The Ashes 2009 July 21, 2009

Nielsen prepares to fix Australia's problems

This tour is starting to feel eerily like 2005 for the Australians. After a strong first Test they were shocked to be outplayed in the second match, when their bowling spearhead was injured, another was badly out of form and Andrew Flintoff carried his country.

Four years ago the coach John Buchanan stepped back to focus on the side's strategic goals when the team was in a similar situation, allowing his assistants to take charge. Tim Nielsen won't be following the method of his predecessor and wants to step up in an effort to show that his men are capable of combating Flintoff and Co, starting at Edgbaston on July 30.

"My role is really to get to the front now and lead and ensure the group is still enjoying Test cricket," Nielsen said. "You need to be careful that you don't let it get too big or ugly, we're two Tests into a five-Test series, and we've got a lot to play yet. We have to make sure we're not letting the results drive how we're preparing."

Nielsen's priorities are re-tuning Mitchell Johnson into the world-beating bowler he was against South Africa earlier in the year, getting Brett Lee back to fitness and plotting the comeback from a 1-0 deficit. In 2005 McGrath missed both the games Australia lost and without Lee the visitors drew in Cardiff and were defeated at Lord's.

When asked whether Australia could win two out of three matches to take the series Nielsen responded with a determined "yeah". He wants the side to remember their strong performance at Cardiff, where England's last pair held on for 63 balls, and their responses to the early struggles in both first innings at Lord's.

"We fought pretty hard [in the second Test]," he said. "There are a lot of good signs and it's not all doom and gloom. We lost a Test. It's good in some regards, it gives us an opportunity to show how good we are.

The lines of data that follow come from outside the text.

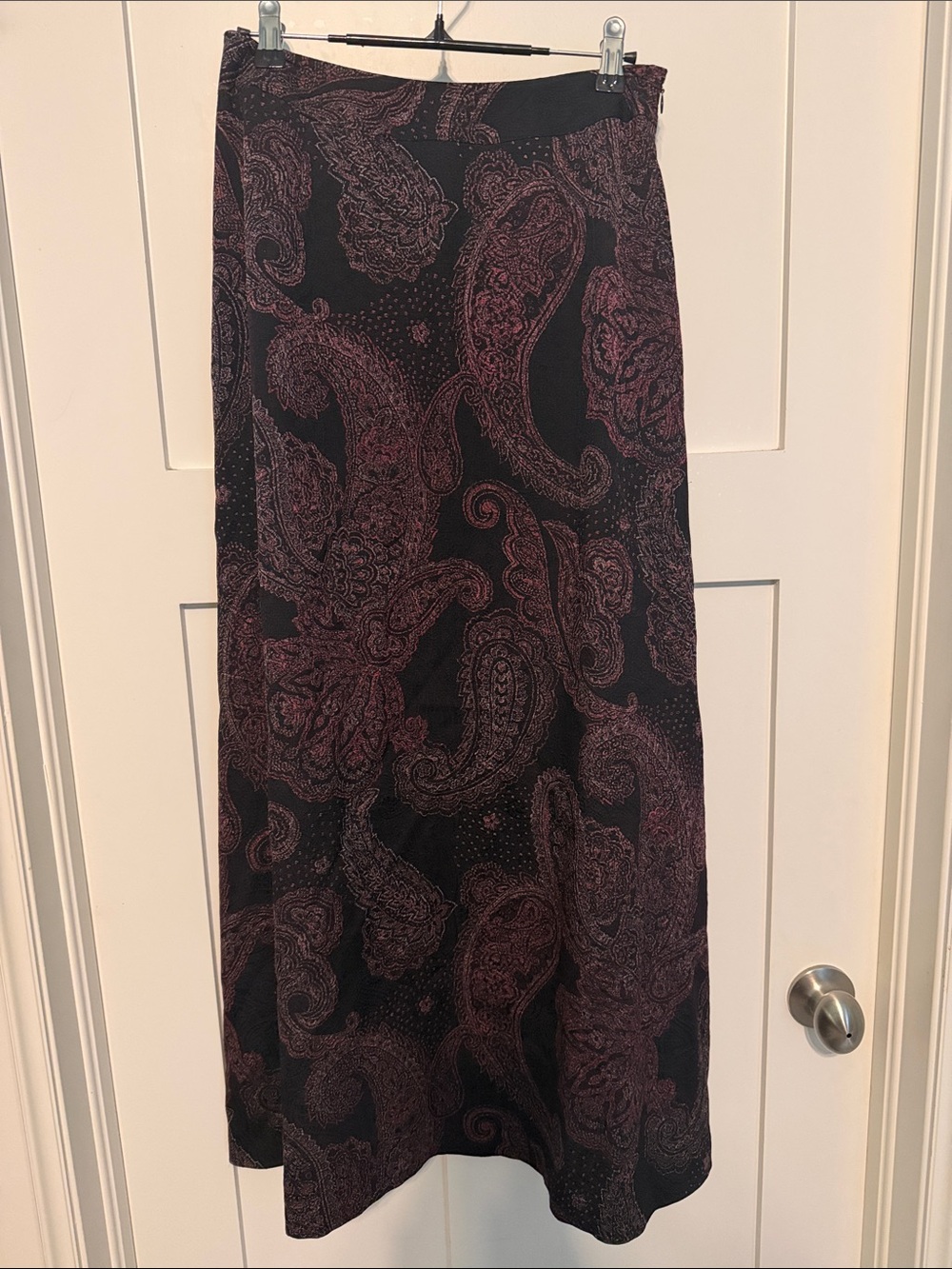 Talbots Vintage Silk and Wool Blend Black and Burgundy Paisley Maxi Skirt Size 4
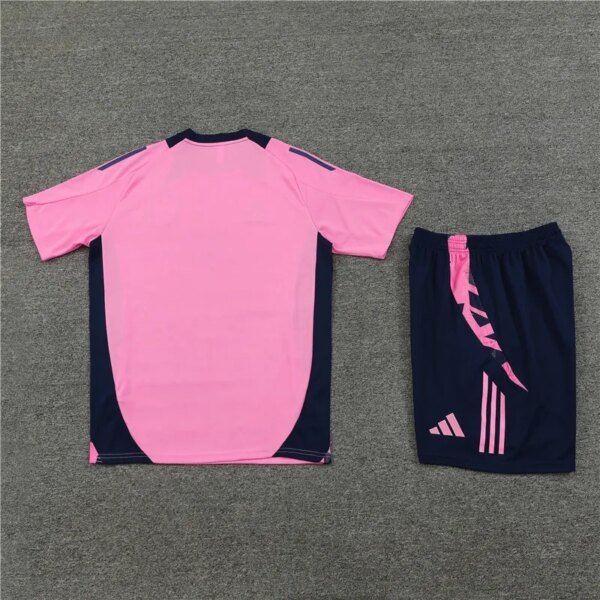 24-25 Arsenal Pink Short Sleeve Training Suit - Image 3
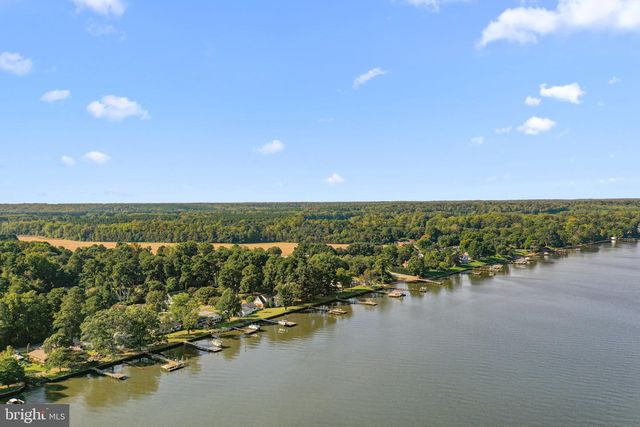 310 E GWYNNFIELD RD, Tappahannock, VA 22560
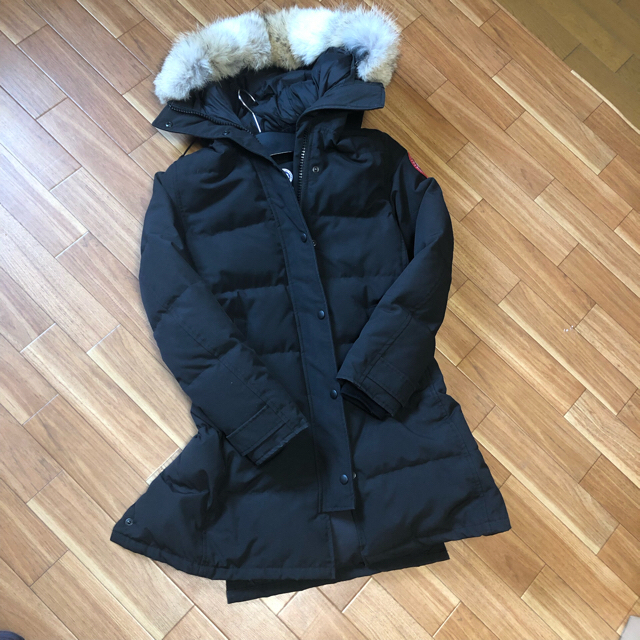 CANADA GOOSE(カナダグース)のカナダグース❤️早い者勝ち！美品 レディースのジャケット/アウター(ダウンジャケット)の商品写真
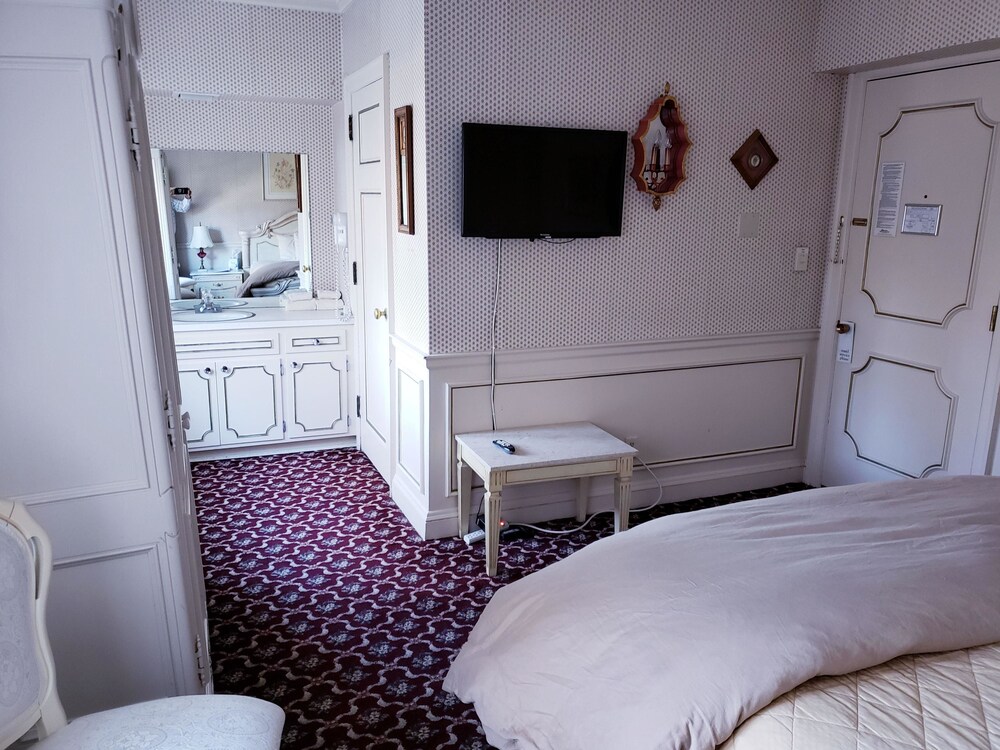 Lowell Inn - photo 86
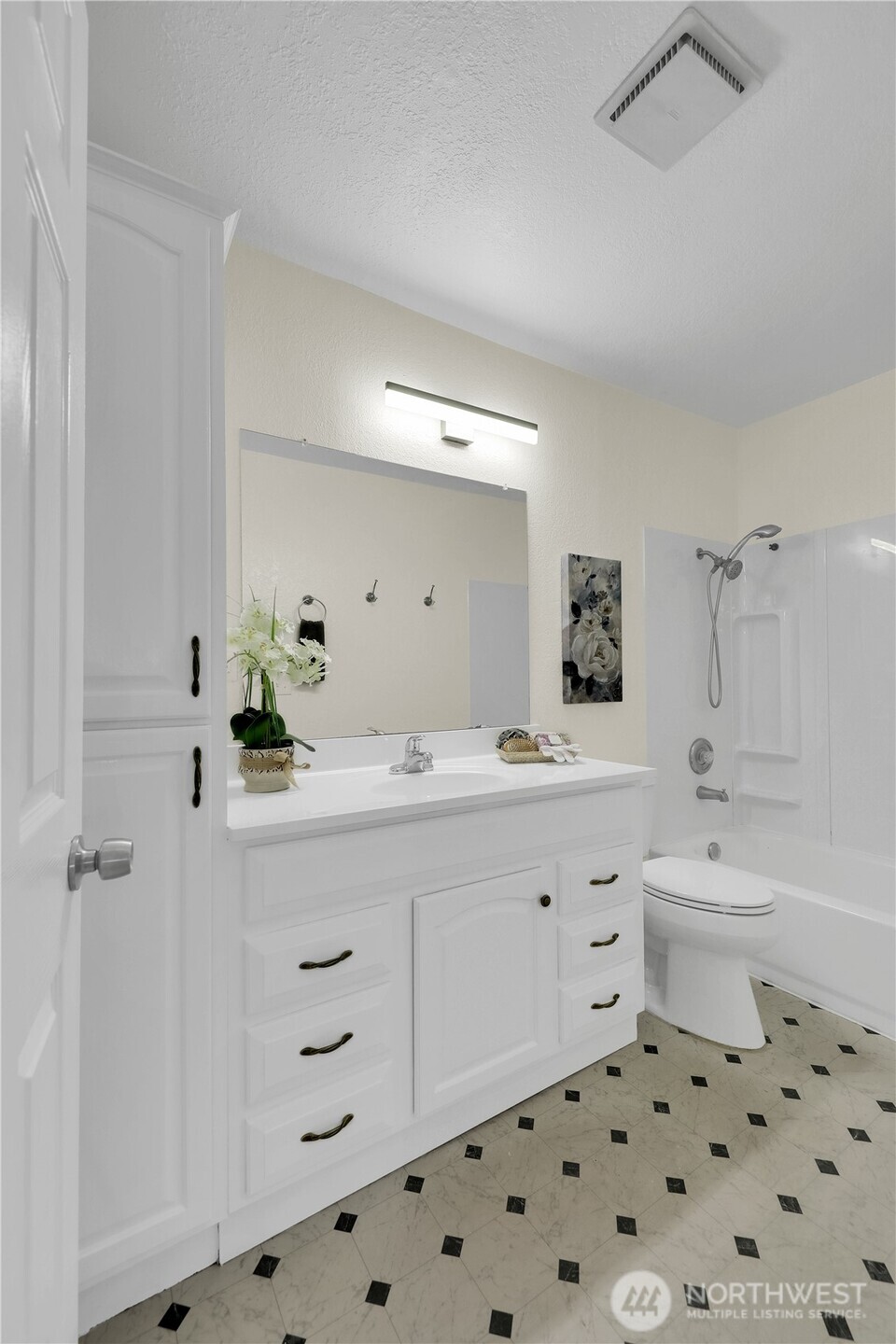 11643 100th Avenue NE #B-3, Kirkland, WA 98034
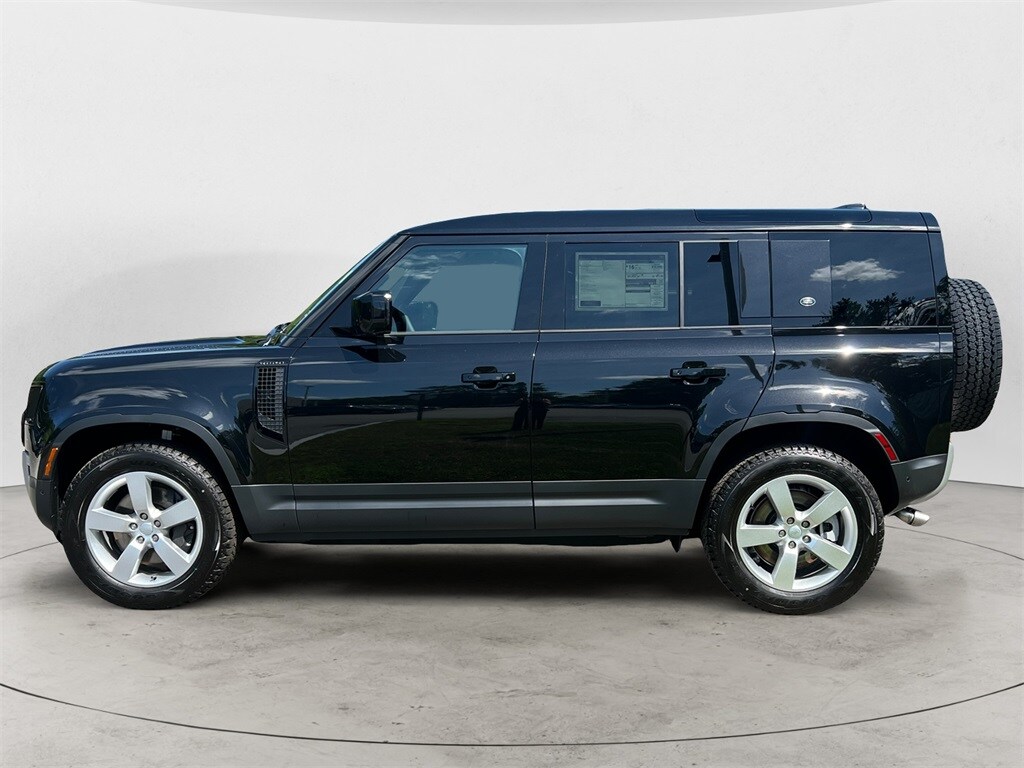 2024 Land Rover Defender 110 SE photo 2
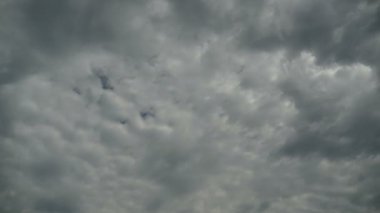 Bulutlar mavi gökyüzünde hareket ediyor. Timelapse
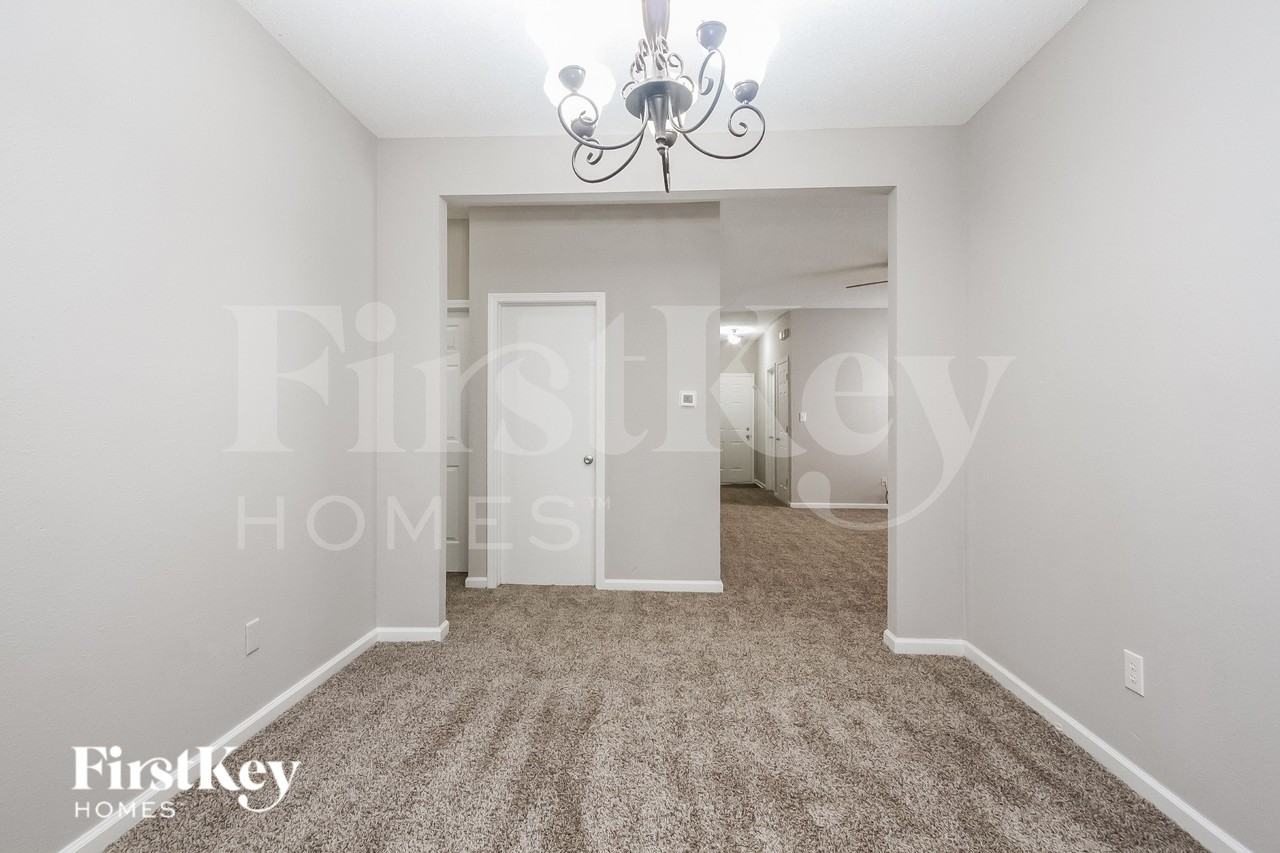 5523 Dollar Run Ln - Photo 7 of 19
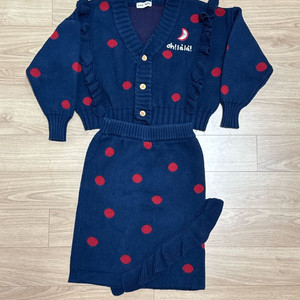 리미떼두두 도트문 니트스커트 셋업 S사이즈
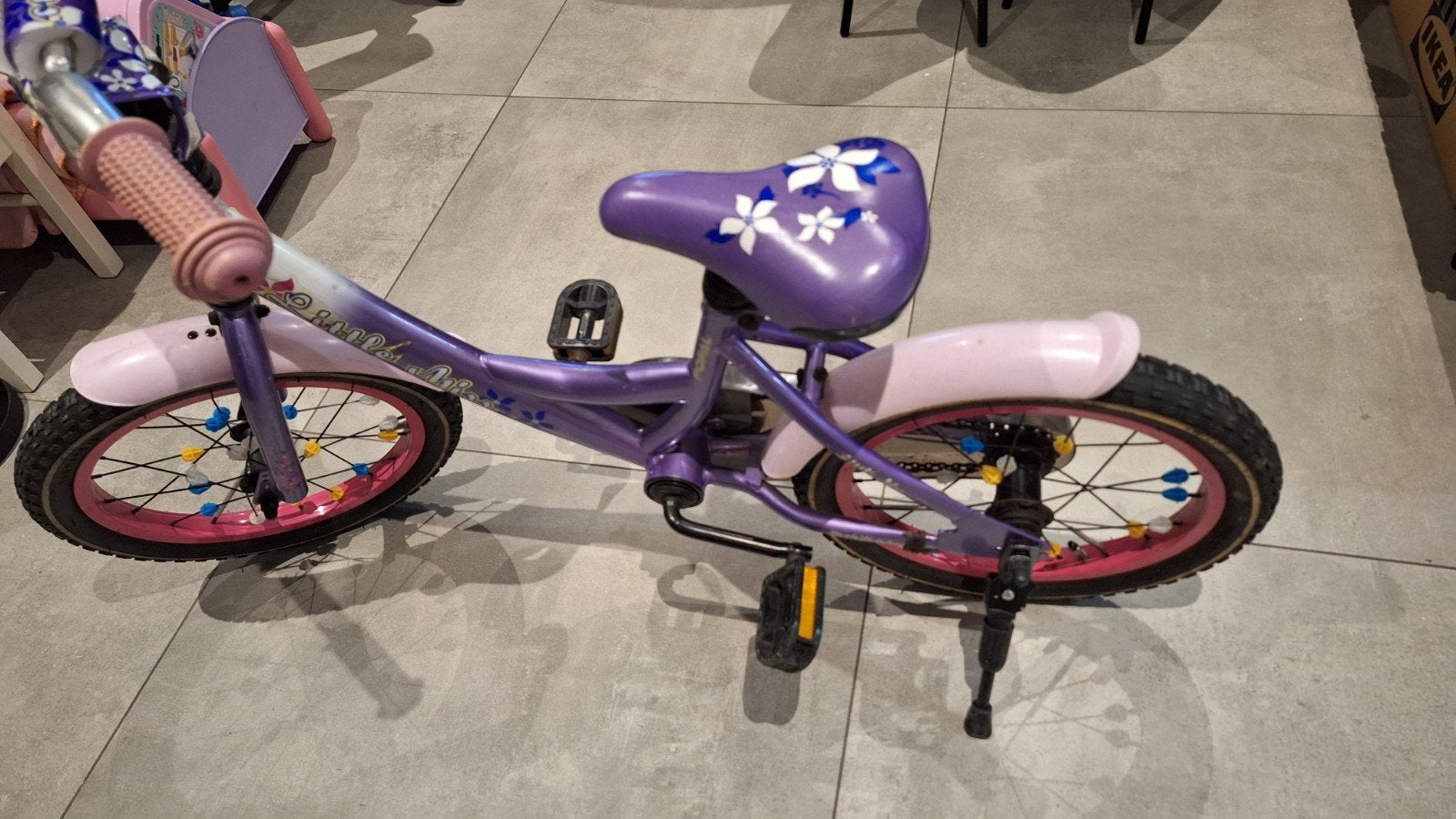 16 inch meisjesfiets, Ophalen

Nielsen said the team would "re-set and re-start" before Northampton and he also highlighted mental strength as an area to improve. "When you get behind against good quality teams, it's totally a mind game," he said. "We've shown that our skills are in order and our players are good enough. When you get under pressure the reason your skills fail is because your mind isn't working as well as it should."